DATA LISTING:
══════════
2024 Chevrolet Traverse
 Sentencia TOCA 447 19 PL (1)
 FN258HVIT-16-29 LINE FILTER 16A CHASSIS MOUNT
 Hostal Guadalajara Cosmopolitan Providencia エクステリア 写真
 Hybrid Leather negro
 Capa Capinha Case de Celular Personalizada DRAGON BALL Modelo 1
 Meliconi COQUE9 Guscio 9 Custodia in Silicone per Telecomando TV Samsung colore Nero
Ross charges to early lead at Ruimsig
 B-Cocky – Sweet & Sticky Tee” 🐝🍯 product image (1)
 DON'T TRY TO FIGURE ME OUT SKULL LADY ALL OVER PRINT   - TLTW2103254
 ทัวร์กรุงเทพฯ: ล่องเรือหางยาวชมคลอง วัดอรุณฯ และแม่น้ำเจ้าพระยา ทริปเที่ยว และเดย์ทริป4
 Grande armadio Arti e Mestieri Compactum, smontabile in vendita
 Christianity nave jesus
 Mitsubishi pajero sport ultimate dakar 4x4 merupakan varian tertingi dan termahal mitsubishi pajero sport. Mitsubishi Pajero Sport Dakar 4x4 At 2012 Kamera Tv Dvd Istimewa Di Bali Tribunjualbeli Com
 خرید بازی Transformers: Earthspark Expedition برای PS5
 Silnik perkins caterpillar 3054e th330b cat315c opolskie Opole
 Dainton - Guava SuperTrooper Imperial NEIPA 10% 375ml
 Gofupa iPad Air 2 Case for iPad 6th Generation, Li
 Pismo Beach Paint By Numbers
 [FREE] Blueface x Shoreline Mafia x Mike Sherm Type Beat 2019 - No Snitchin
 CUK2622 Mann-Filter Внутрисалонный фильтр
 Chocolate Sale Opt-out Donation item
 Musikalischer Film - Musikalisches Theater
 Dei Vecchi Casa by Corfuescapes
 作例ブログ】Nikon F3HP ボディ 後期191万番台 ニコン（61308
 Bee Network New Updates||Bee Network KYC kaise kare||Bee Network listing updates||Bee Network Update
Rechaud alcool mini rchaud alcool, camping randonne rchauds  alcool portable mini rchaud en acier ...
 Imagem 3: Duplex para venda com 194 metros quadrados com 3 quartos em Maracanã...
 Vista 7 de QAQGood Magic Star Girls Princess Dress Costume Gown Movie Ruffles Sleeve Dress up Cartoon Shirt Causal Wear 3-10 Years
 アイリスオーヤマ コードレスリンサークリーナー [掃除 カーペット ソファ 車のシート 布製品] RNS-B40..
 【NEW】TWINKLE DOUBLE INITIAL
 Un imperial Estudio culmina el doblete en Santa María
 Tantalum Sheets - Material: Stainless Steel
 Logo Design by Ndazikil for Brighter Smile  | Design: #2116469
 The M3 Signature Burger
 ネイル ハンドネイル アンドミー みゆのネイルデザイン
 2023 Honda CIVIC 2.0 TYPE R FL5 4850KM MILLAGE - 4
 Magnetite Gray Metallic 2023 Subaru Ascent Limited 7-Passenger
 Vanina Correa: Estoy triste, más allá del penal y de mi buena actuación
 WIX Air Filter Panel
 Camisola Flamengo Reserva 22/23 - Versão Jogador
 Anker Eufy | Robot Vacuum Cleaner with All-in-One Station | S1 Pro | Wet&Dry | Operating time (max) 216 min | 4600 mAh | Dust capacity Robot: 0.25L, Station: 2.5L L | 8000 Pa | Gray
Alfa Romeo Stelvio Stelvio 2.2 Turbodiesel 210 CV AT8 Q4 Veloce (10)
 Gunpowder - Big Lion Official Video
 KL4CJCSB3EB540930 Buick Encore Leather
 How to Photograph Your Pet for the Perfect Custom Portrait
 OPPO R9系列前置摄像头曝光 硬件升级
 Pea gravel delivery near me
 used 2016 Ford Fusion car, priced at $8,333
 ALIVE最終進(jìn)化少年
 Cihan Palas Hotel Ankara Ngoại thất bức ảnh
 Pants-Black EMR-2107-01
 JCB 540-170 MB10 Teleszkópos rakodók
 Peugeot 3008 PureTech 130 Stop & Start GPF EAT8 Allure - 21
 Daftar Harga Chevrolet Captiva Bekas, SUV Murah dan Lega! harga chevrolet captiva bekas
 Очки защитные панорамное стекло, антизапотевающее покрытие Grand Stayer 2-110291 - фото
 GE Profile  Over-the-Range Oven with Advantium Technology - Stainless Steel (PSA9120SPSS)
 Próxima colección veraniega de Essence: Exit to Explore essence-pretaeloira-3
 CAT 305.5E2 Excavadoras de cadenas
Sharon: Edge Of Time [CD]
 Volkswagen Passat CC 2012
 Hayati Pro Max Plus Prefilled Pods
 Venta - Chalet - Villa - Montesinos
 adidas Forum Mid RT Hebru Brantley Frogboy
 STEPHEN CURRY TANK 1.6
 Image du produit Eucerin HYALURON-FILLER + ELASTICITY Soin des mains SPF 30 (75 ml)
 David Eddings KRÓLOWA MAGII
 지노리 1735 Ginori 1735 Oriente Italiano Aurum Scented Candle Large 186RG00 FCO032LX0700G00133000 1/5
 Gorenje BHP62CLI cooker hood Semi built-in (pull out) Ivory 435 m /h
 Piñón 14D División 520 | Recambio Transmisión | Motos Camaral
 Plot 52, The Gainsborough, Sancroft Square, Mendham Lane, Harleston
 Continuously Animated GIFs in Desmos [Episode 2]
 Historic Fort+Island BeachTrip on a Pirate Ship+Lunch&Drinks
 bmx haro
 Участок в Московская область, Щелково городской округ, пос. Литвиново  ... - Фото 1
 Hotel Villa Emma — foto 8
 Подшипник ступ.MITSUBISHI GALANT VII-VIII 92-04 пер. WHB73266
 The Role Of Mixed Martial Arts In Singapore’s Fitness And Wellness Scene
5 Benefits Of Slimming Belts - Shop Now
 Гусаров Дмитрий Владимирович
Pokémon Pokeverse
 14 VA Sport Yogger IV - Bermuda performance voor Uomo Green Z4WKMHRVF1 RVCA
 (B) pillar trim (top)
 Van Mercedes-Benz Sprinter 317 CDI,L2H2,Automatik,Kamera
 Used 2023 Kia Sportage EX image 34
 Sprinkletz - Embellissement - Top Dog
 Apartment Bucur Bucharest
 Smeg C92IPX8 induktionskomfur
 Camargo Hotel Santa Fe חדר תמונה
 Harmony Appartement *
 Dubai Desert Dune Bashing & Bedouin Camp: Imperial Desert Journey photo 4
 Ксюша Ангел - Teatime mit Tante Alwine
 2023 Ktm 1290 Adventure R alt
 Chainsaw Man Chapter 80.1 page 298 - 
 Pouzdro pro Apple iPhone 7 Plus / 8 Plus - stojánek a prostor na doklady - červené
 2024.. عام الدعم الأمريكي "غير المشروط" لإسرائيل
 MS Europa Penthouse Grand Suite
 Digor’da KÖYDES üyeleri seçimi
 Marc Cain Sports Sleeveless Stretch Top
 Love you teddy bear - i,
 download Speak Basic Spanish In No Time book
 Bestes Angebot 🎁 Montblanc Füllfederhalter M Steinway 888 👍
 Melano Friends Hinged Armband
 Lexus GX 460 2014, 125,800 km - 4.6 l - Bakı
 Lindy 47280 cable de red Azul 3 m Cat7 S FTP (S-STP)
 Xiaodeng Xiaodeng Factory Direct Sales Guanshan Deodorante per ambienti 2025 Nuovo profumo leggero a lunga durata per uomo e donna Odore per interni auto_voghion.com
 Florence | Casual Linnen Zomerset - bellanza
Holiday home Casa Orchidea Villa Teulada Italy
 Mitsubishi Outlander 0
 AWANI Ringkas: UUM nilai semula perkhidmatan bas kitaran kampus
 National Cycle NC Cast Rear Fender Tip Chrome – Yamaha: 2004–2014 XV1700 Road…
══════════
YOUR OBJECTIVE:
Reproduce the entries exactly, starting at their first line and stopping after the line with "Bee Network New".

RESULT OF THE TASK:
2024 Chevrolet Traverse
 Sentencia TOCA 447 19 PL (1)
 FN258HVIT-16-29 LINE FILTER 16A CHASSIS MOUNT
 Hostal Guadalajara Cosmopolitan Providencia エクステリア 写真
 Hybrid Leather negro
 Capa Capinha Case de Celular Personalizada DRAGON BALL Modelo 1
 Meliconi COQUE9 Guscio 9 Custodia in Silicone per Telecomando TV Samsung colore Nero
Ross charges to early lead at Ruimsig
 B-Cocky – Sweet & Sticky Tee” 🐝🍯 product image (1)
 DON'T TRY TO FIGURE ME OUT SKULL LADY ALL OVER PRINT   - TLTW2103254
 ทัวร์กรุงเทพฯ: ล่องเรือหางยาวชมคลอง วัดอรุณฯ และแม่น้ำเจ้าพระยา ทริปเที่ยว และเดย์ทริป4
 Grande armadio Arti e Mestieri Compactum, smontabile in vendita
 Christianity nave jesus
 Mitsubishi pajero sport ultimate dakar 4x4 merupakan varian tertingi dan termahal mitsubishi pajero sport. Mitsubishi Pajero Sport Dakar 4x4 At 2012 Kamera Tv Dvd Istimewa Di Bali Tribunjualbeli Com
 خرید بازی Transformers: Earthspark Expedition برای PS5
 Silnik perkins caterpillar 3054e th330b cat315c opolskie Opole
 Dainton - Guava SuperTrooper Imperial NEIPA 10% 375ml
 Gofupa iPad Air 2 Case for iPad 6th Generation, Li
 Pismo Beach Paint By Numbers
 [FREE] Blueface x Shoreline Mafia x Mike Sherm Type Beat 2019 - No Snitchin
 CUK2622 Mann-Filter Внутрисалонный фильтр
 Chocolate Sale Opt-out Donation item
 Musikalischer Film - Musikalisches Theater
 Dei Vecchi Casa by Corfuescapes
 作例ブログ】Nikon F3HP ボディ 後期191万番台 ニコン（61308
 Bee Network New Updates||Bee Network KYC kaise kare||Bee Network listing updates||Bee Network Update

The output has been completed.